Growth report suggests Washington County build up, not out

October 20, 2008|By JOSHUA BOWMAN

WASHINGTON COUNTY -- Build up, not out.

It is the essential tenet of a report released recently by a committee tasked with reviewing growth policies in Washington County's most urban areas.

The report, created by the Urban Growth Area Advisory Committee, suggests ways in which the Washington County Commissioners can steer new development to what is called the urban growth area, which circles the City of Hagerstown and the county's larger towns.

The report recommends raising limits on building height and density in the growth area.

It advocates "mixed-use" zones that would, for example, allow restaurants and condos in the same building.

It also suggests creating a transferable development rights (TDR) program, which would let rural landowners sell their development rights to landowners in urban areas.


"They were dealing primarily with the question of 'how do we focus growth in the (urban growth area) instead of in the rural areas?'" said Michael C. Thompson, the county's planning director.

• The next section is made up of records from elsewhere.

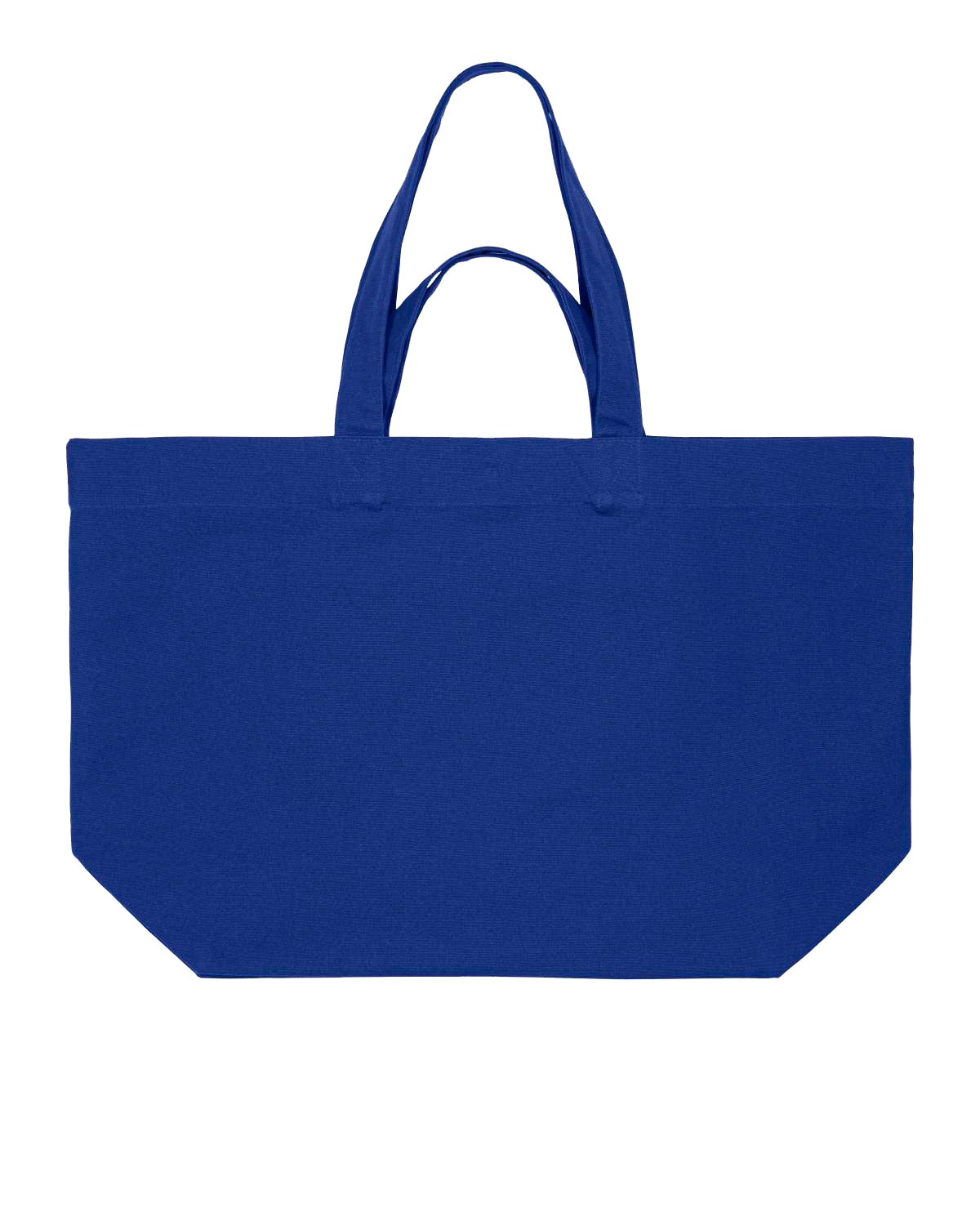 Shopping Bag 2.0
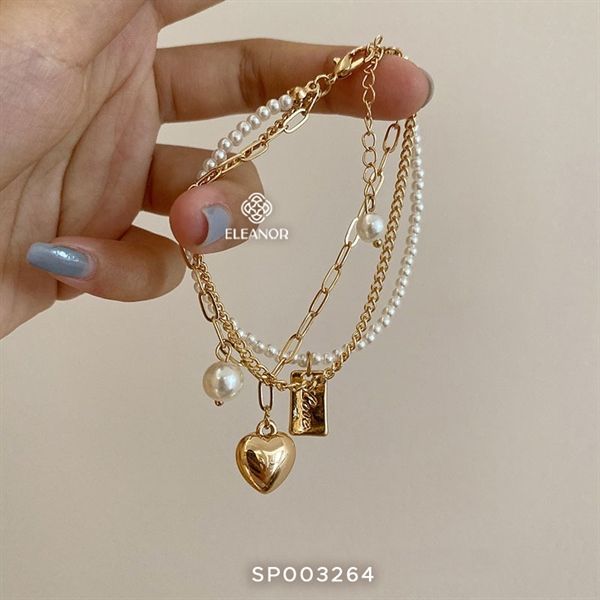 Lắc tay - SP003264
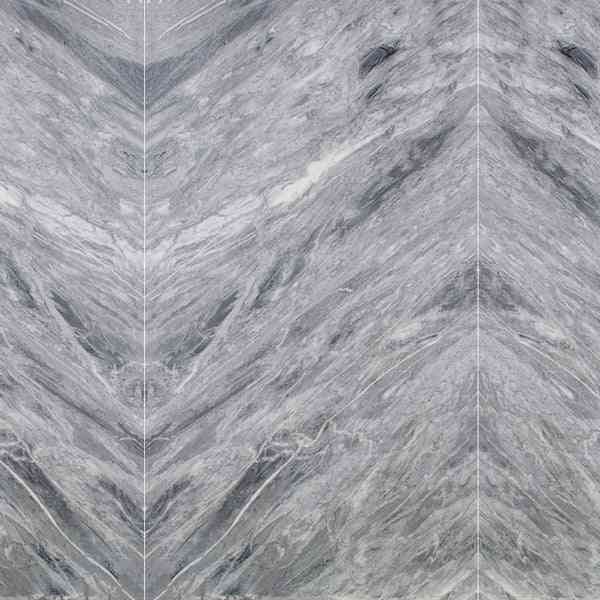 Bardiglio Imperiale Marble Slabs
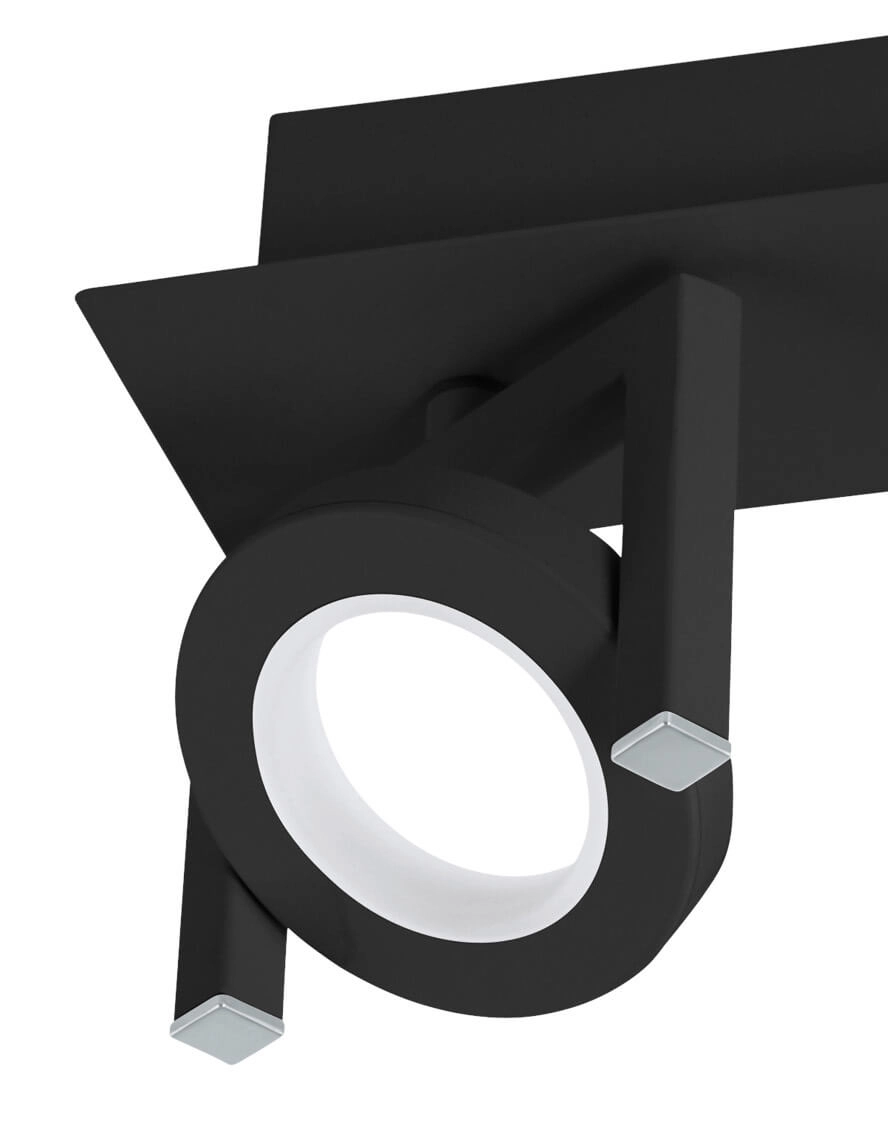 Spot de plafond LED Trastanello Eglo 9002759336950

The most eagerly anticipated section of the committee's report, recommendations on rezoning individual land parcels in the urban growth area, is not yet complete.

Thompson said the group is still working on those recommendations, which could be finished by the end of the year.

Rezonings would have to be approved by the Washington County Commissioners and would be subject to public hearings.

Reaction to the report varied last week among the County Commissioners.

Several commissioners said they had not read the report.

Commissioners President John F. Barr said he preferred not to comment because he had not read the entire report.

Commissioner William J. Wivell also said he had not read the report, but was receptive to the idea of creating a TDR program, which would allow urban landowners to build beyond density limits if they purchase development rights from rural landowners.

The program, which is used in other counties, is designed to steer growth from rural areas to urban areas.

"I am a proponent of TDR programs generally," Wivell said. "But there are certain complexities in them."

He said the last time a TDR program was considered, the county was not building to allowable densities, which would negate the need for landowners to pay for extra density.

Commissioner Kristin B. Aleshire said the committee should have considered current limits on wastewater capacity when drafting the report.

Instead, the committee says the commissioners "should not allow the current limits on wastewater capacity (to) dictate the zoning densities throughout the (urban growth area)."

"How can you ignore the most limiting factor that you can measure your future growth by?" Aleshire said.

Thompson, who advised the committee but was not a member, said the committee did not consider water and sewer capacity because the report was meant strictly to deal with long-term land use.

"Limits will play a part, and it has an impact on things right now. But you're looking at a 20- to 30-year plan. It does not mean that everybody's ignoring capacity issues," Thompson said.